Segment Start: Materials provided
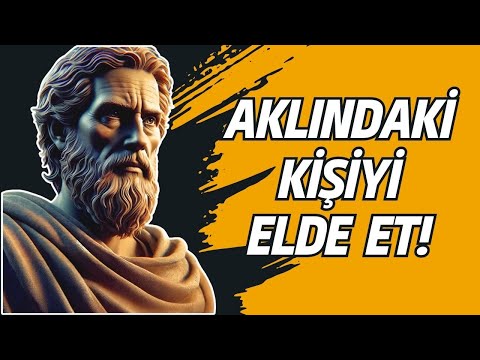 Aklındaki Kişiyi Bu Yöntemle Elde Et! | Zihnin Gücüyle İnsanları Etkile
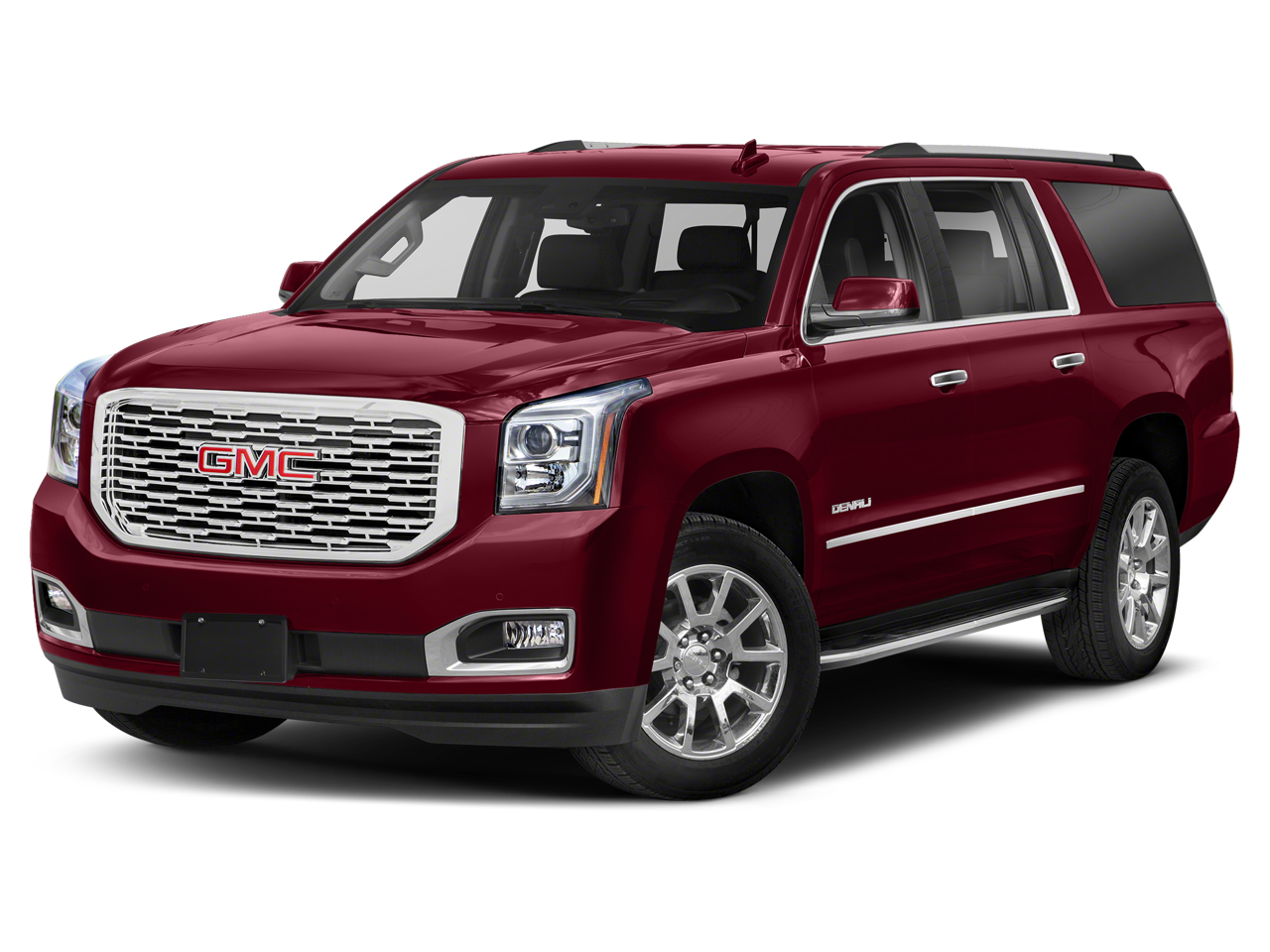 2019 GMC Yukon 4WD SLT's photo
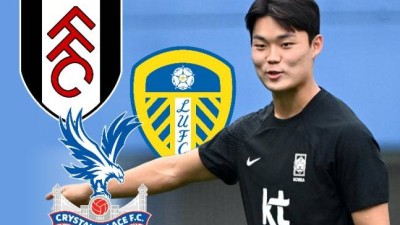 韓 축구 역사 최고의 '초대형 이적' 임박…오현규 극적 EPL행 가능성 어떤 일이든 벌어질 수 있다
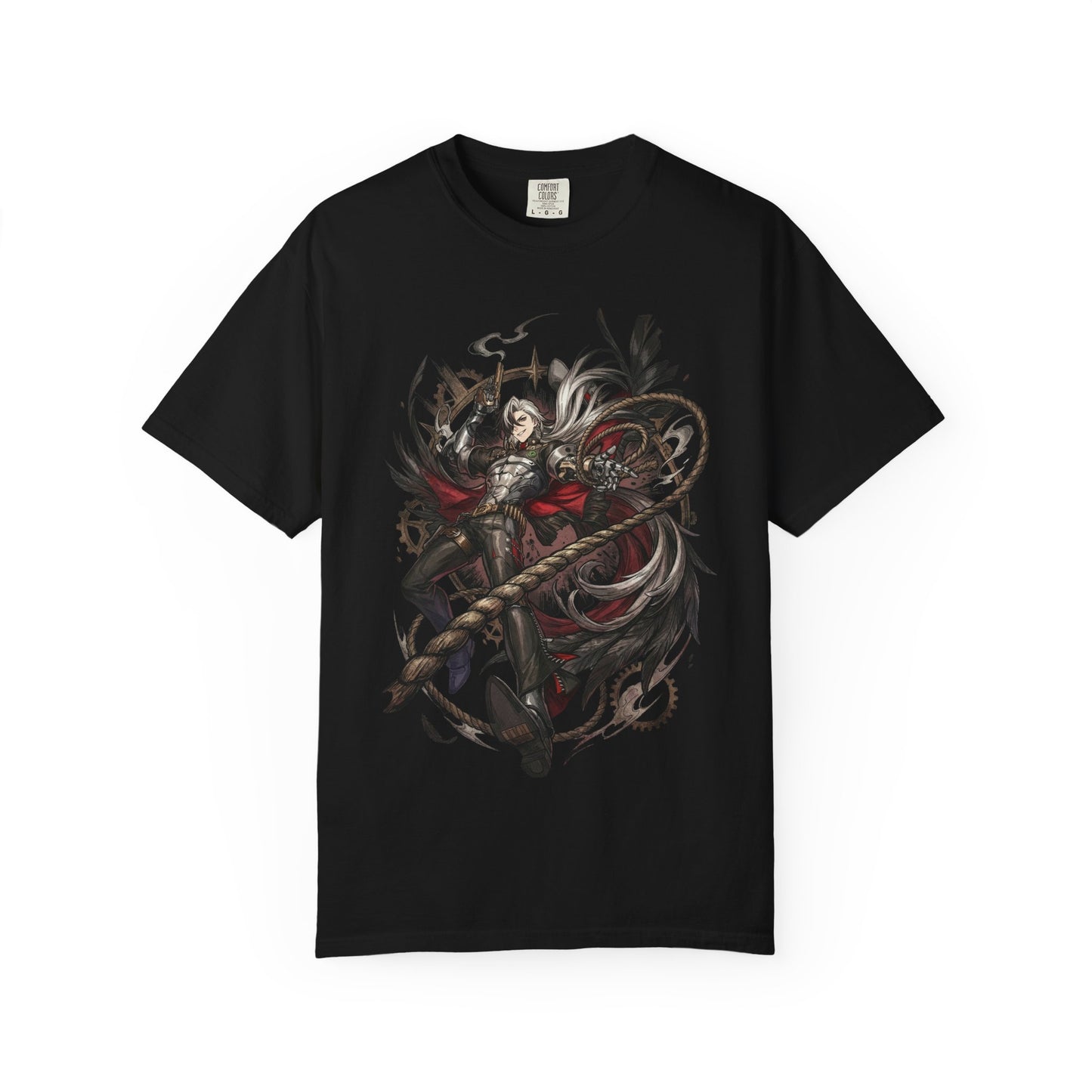 Honkai Star Rail Boothill Galaxy Ranger Fan Art Premium T-Shirt
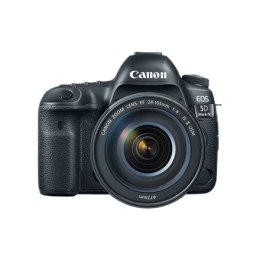 Canon EOS 5D Mark IV Korpus Czarny - Aparat DSLR Pełnoklatkowy Profesjonalny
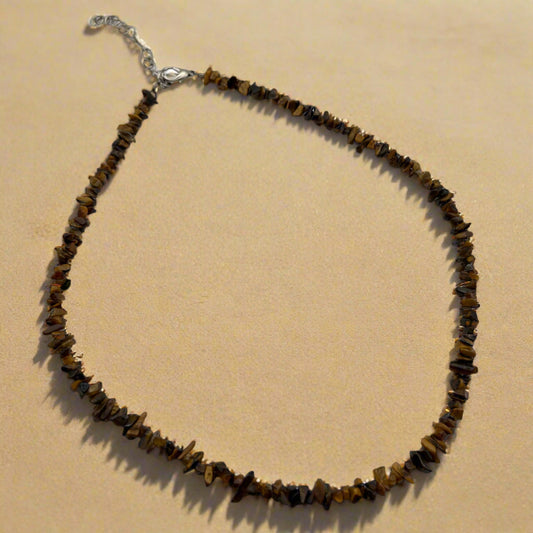 Tiger's Eye Necklace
Segment End: Materials provided
■ **Work to be completed**
Quote only the lines that start at the line holding "Canon EOS 5D" and end at the last line of the entries, including both of those lines, and omit every picture.

■ **Result of this exercise**
 Canon EOS 5D Mark IV Korpus Czarny - Aparat DSLR Pełnoklatkowy Profesjonalny
 Tiger's Eye Necklace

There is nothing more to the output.